What this 10-year-old boy—and later 12- and 14- and 18-year-old boy—could not do with equal skill was develop an ethical conscience. During the same years that he craved European masterpieces he also enthusiastically joined the SS, ignored the uncle and classmates who were killed or sent to the camps, and fought not uncertainly as a Nazi in WWII. The boy with the inordinate love of masterpieces is Günter Grass, and the memoir, Peeling the Onion, is about his quick study of art, and about the much longer amount of time it took him to get around to learning moral principles. Reading Grass’s memoir, this is what repeatedly startled and shook me (and appears to shake him now): how his aesthetics lapped his ethics again and again until some years after WWII’s end. One scene, after the war, when Grass comes across a show of Klee’s paintings and wonders a bit blithely about them, particularly stunned me. Klee’s work, of course, had been banned and derided by the Nazis, while Klee himself had been fired from his professorship in Düsseldorf and with his family had to flee to Switzerland. This, while Grass, the young veteran, wonders idly, a few years later, about the artistic value of Klee’s work.

But I shouldn’t have been so surprised by Grass’s precociously advanced aesthetics and lack of moral distinction, not in a country that had famously (maybe apocryphally) sent out its boy soldiers with Goethe and Nietzsche in their backpacks. That Kimmelman’s article concerns this same country makes his surprise at its cultural limitations somewhat, well, surprising (which is not to say that the limits of culture only makes itself known in the West; look at Iran’s love affair with poetry and its rich artistic tradition, or China’s, or anywhere, really). More interesting, to me, is Kimmelman’s discussion of the hate crime itself, and the anti-Muslim xenophobia that currently grips much of Europe. The mass immigration of Muslims to Europe in the past few decades, and the racism that often greets them, has been well-documented, not least by the Times itself. A recent book review of Christopher Caldwell’s Reflections on the Revolution in Europe: Immigration, Islam, and the West explored this wave of immigration, focusing on the ways in which Muslim immigrants have chosen not to integrate into European society—which sounds very close to offering an “excuse” for the backlash that has met them. If not xenophobic itself, the book appears to veer worryingly close, yet the Times notes this and still gives it a pretty measured review.

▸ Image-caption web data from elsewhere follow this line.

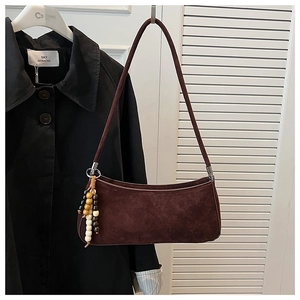 Detail of dark brown faux suede baguette bag with wooden beaded tassel accessory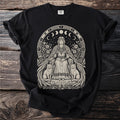 Black t-shirt with a beige Norse goddess sitting with two cats and celestial moon phases.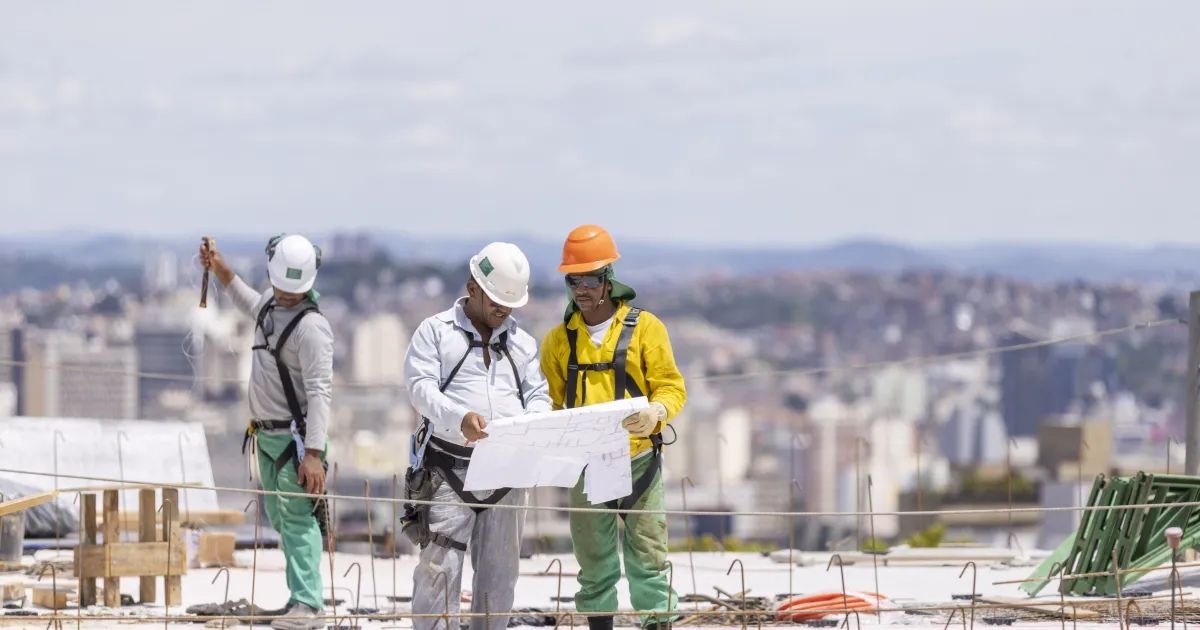Andamento de obra residencial com andaimes e guindaste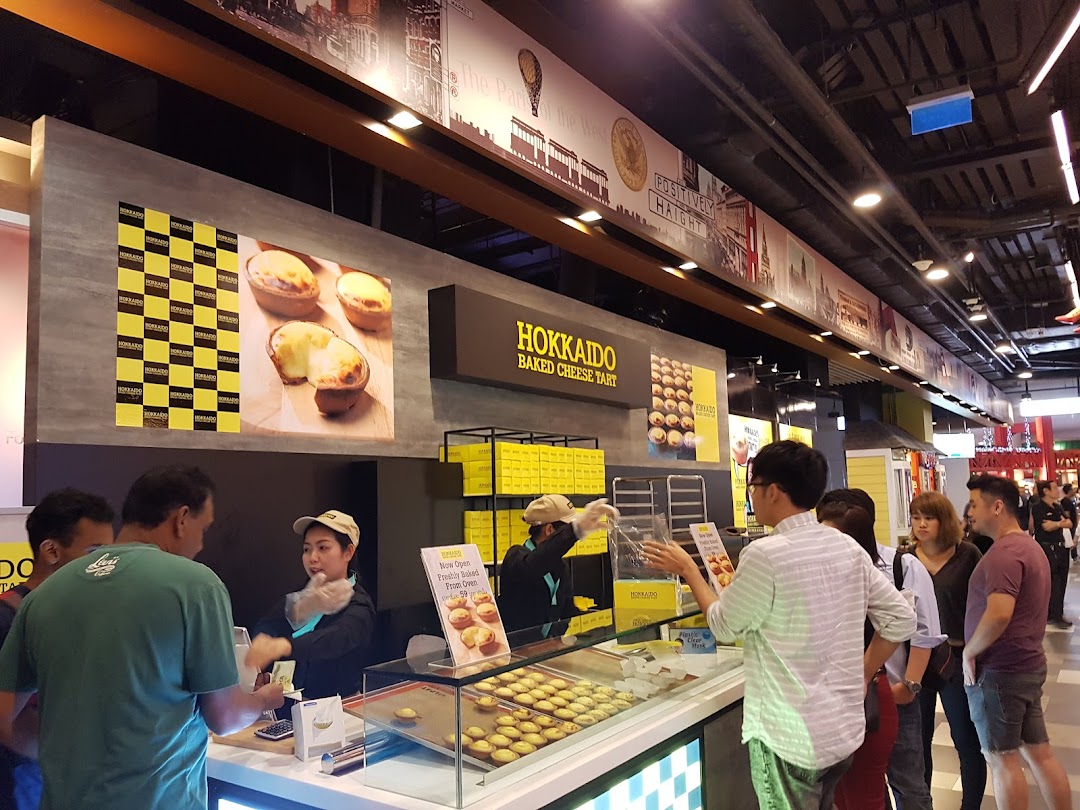 Customers queueing at the Hokkaido Baked Cheese Tart counter, featuring freshly baked tarts on display.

In any case, Kimmelman’s own conclusion at culture’s apparent lack of superhero ardor for saving us from ourselves, is this: “…while the arts won’t save us, we should save them anyway. Because the enemies of civilized society are always just outside the door.” This sounds like a war of manners. But what if those enemies, just outside the door, come armed with Bach and Mozart and Caravaggio and Goethe? To that end, what if the enemy is the great Austrian writer Peter Handke and he is defending the genocidal leader Slobodan Milosevic? As a friend put it, what if the Russian-born German man who killed the Egyptian woman had some Pushkin in his backpack, and was a devoted patron of the Hermitage, what then? That art is necessary and should be “saved” seems to me an obvious point. The more perplexing question to ask is what determines a “civilized society”? Artistic greatness or democratic inclusiveness? What is their relationship? As years of colonization has taught us, one culture’s civilization can be another culture’s ruin. As the recent murder in Dresden teaches us, one’s own civilization may not save you either.